After more than two decades, the program designed to assist military personnel leaving the service with finding employment in the civilian world is getting what many believe is a much-needed, and long overdue, overhaul. In late July, President Obama announced that the Transitions Assistance Program, known as TAP, will soon be revitalized to provide new services to personnel leaving their military careers.
Under the current program, which has been in place for little over 20 years, departing military personnel must attend three days of counseling and classroom instruction. Other programs, such as resume preparation courses and transitioning into a civilian workplace environment, have been offered as optional.
Under the new program, known as TAP GPS, for “goals, planning, and success,” there will be much more individualized counseling and training provided.
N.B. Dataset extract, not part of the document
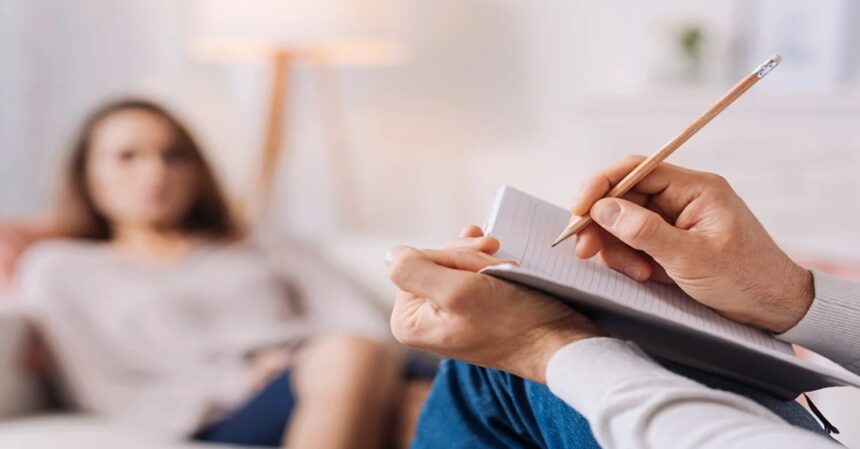 dezbatere intre psihologii ieseni cum au primit noul proiect de lege psihologul cu toate studiile facute pe bune la universitate sa nu mai poata profesa 698153f54a3d4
Counseling sessions will be individualized to focus on what the departing service member wants to do after they leave the service area for example, those who wish to pursue college, entrepreneurialism, or attend technical training will be provided with counseling specifically tailored to their desires.
There’ll also be lengthier classroom sessions, more focus on the details of what service personnel need to do to find a job, as well as follow-up after they have left. Education courses will also begin much earlier in the service member’s career, instead of coming almost exclusively at the end.
Though the unemployment rate for veterans has decreased significantly over the past several years, it remains higher than the average unemployment rate of all Americans.